Sorority members must carry an identification card with them for the service and can only ride home from bars and fraternity houses, she said.
Stephens added that the group is still negotiating the rate with the taxi company.
Expanding the program for all students might be possible, she said, if multiple taxi companies are contracted for the service.
“It’s definitely feasible,” she said. “There would need to be a lot of taxi companies on board. If there’s only one taxi company, there could be complaints.”
Cooper, a member of Kappa Delta sorority, said the program could be expanded into a “UNC SafeRide” system for all students in one of two ways.
Students would either finance the taxi service up front or pay a flat rate for each ride based on the distance to their destination. Both scenarios would be optional for students and would not require an increase in student fees, she said.
“Yes it’s a cost, but it’s really a safety issue,” Cooper said. “If students are able to get from one place to another in a safe way, then it is absolutely worth it.”
Private taxi companies must be contacted once a proposal is in place. Lee said companies have expressed a willingness to listen to proposals.
The optimal rate would be less than $5 for transportation within a three-mile radius, he said.
The flat-rate taxi service would augment the transportation network already in place with the P2P Express shuttle system.
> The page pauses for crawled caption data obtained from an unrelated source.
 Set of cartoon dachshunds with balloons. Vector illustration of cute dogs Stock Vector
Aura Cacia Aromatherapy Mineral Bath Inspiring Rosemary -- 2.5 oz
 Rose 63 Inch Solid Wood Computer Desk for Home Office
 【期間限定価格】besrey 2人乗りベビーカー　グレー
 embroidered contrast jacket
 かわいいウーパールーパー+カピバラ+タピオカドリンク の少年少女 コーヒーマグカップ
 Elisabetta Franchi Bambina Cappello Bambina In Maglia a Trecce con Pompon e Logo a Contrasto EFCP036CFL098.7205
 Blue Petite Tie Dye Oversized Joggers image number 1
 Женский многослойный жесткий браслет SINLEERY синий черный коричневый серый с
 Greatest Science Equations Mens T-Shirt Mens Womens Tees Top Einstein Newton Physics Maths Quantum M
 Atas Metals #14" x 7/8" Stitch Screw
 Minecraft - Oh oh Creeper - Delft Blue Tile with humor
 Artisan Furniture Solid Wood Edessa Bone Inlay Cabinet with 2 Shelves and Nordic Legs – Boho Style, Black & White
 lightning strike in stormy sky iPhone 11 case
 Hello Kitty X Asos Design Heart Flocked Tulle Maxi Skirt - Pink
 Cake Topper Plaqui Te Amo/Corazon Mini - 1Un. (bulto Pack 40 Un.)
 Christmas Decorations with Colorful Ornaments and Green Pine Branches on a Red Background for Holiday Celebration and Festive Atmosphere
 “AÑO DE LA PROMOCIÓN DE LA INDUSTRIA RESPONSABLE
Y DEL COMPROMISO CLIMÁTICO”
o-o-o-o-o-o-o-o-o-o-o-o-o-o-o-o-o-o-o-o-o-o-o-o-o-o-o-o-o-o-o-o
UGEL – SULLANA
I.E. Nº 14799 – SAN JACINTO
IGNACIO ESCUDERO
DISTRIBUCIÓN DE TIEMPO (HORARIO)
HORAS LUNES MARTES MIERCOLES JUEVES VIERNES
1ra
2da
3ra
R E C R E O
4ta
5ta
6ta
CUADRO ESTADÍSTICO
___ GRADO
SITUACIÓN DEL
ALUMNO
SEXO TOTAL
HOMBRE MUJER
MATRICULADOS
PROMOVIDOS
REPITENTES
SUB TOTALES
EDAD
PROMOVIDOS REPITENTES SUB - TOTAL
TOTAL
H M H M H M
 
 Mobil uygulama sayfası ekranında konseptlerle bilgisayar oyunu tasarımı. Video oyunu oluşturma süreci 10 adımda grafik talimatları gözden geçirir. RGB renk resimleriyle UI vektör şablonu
Randy Young, spokesman for the Department of Public Safety, said he thinks the current system is adequate, but he would welcome new proposals to improve campus safety.
“It’s hard to say over and above what it would do for the current system,” he said. “The Point-2-Point service is really going to do that including transportation to various areas off-campus.”
Candidates have also included points in their platforms aimed at improving education concerning campus safety.
Brooklyn Stephens said she wants to promote awareness for existing programs such as HAVEN and Safe Zone that form a community of students to prevent abuse.
Rick Ingram said he hopes to divert excess funds from student government to expand and repair the campus’ blue light system in conjunction with safety education for students.
“It’s not more lighting that will inevitably make the campus safer — it’s education,” Ingram said.
Cooper said incorporating first aid training into the LFIT curriculum would make a required course more applicable to campus life.
“It would be great if in four years UNC has 19,000 students with some basic level of first aid training,” she said.